RUB » Dekanat für Biologie und Biotechnologie » Evolutionsökologie und Biodiversität der Tiere - Mitarbeiterhomepage PD Dr. Th. Eltz

Chemical and Sensory Ecology of Bees
(Group T. Eltz)

We study how odours influence foraging and reproductive behaviour of bees (Hymenoptera, Apidae), and how olfaction evolves in response to behavioral and ecological requirements. The perception of volatile chemicals is phylogenetically old and occurs in all terrestrial lifeforms. In the life of extant bees, odours present themselves in two rather distinct forms: Plant-derived odours, e.g. that of food resources (flowers) or nest construction material (resin, trichome secretions), and bee-derived odours, e.g. specific pheromones used for communication among bees. Chemically, the two classes of odours are also quite distinct: Plant odours are normally terpenoids, whereas many bee pheromones are fatty-acid derived lipids.

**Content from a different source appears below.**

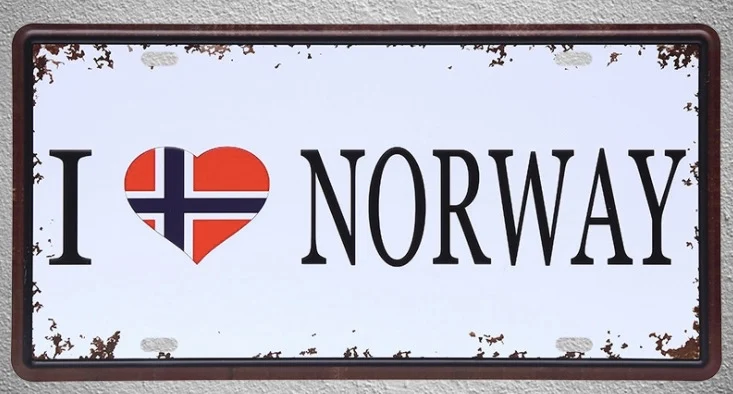 

1 pc I love Norway flag sovereign team football plaques shop store Tin Plates Signs wall Decoration Metal Art Vintage Poster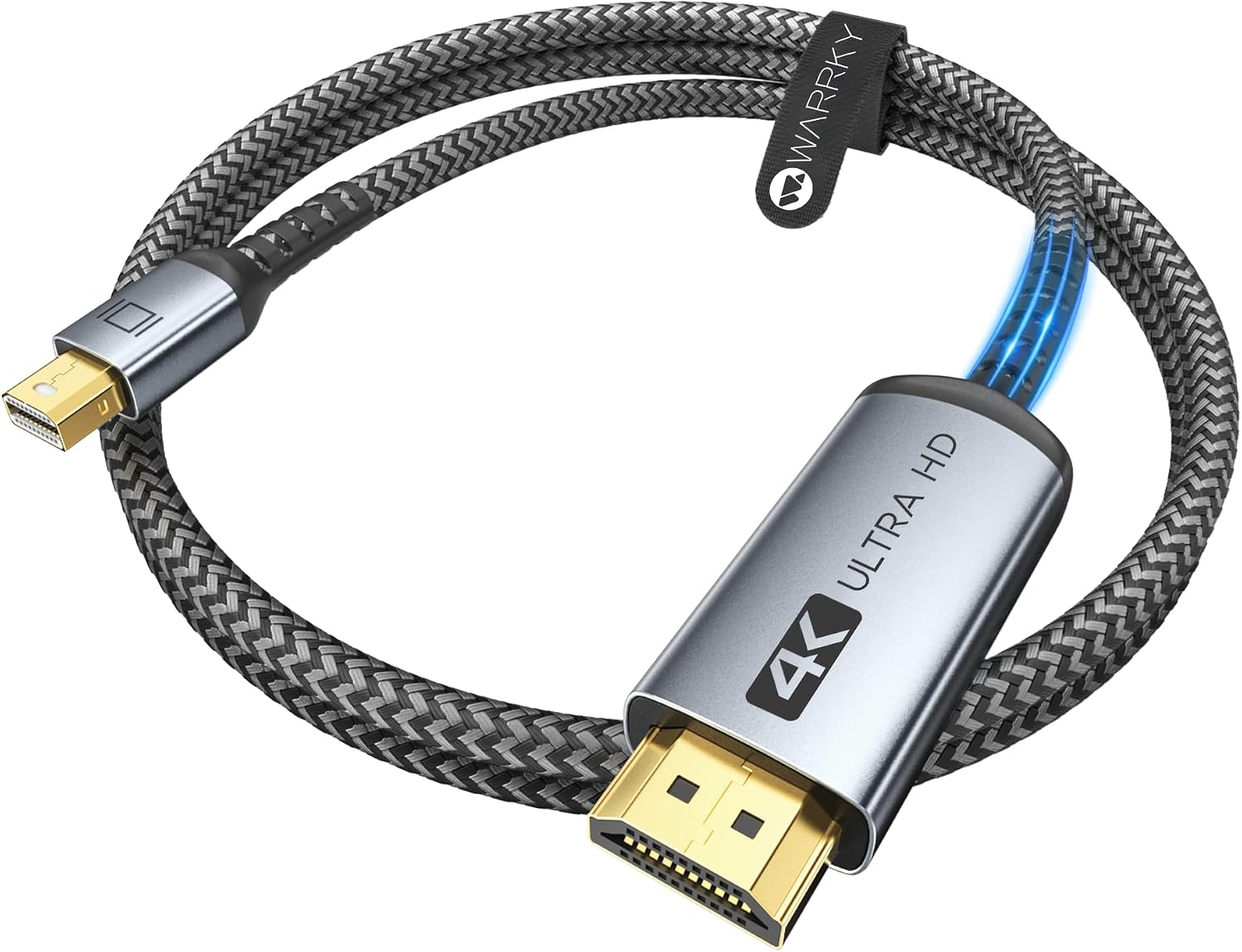 Warrky 4K Mini DisplayPort to HDMI Cable【Aluminum Shell, Nylon Braided】 UHD Thunderbolt to HDMI Cord, Mini DP to HDMI 6.6ft, Compatible for MacBook Air/Pro, Surface Pro/Monitor/TV/Projector More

Our group studies two borderline phenomena: Male orchid bees perfume themselves with terpenoid plant odours for courtship, and bumblebees perceive and avoid their lipoid footprints while foraging on flowers. We use behavioural experiments, chemical analysis (GC/MS), electrophysiological screens (EAG, GC-EAD), and molecular techniques (microsats, Sanger and transcriptome sequencing) to shed light on these behaviours and to gain an understanding of the selective pressures driving the evolution of bee olfaction.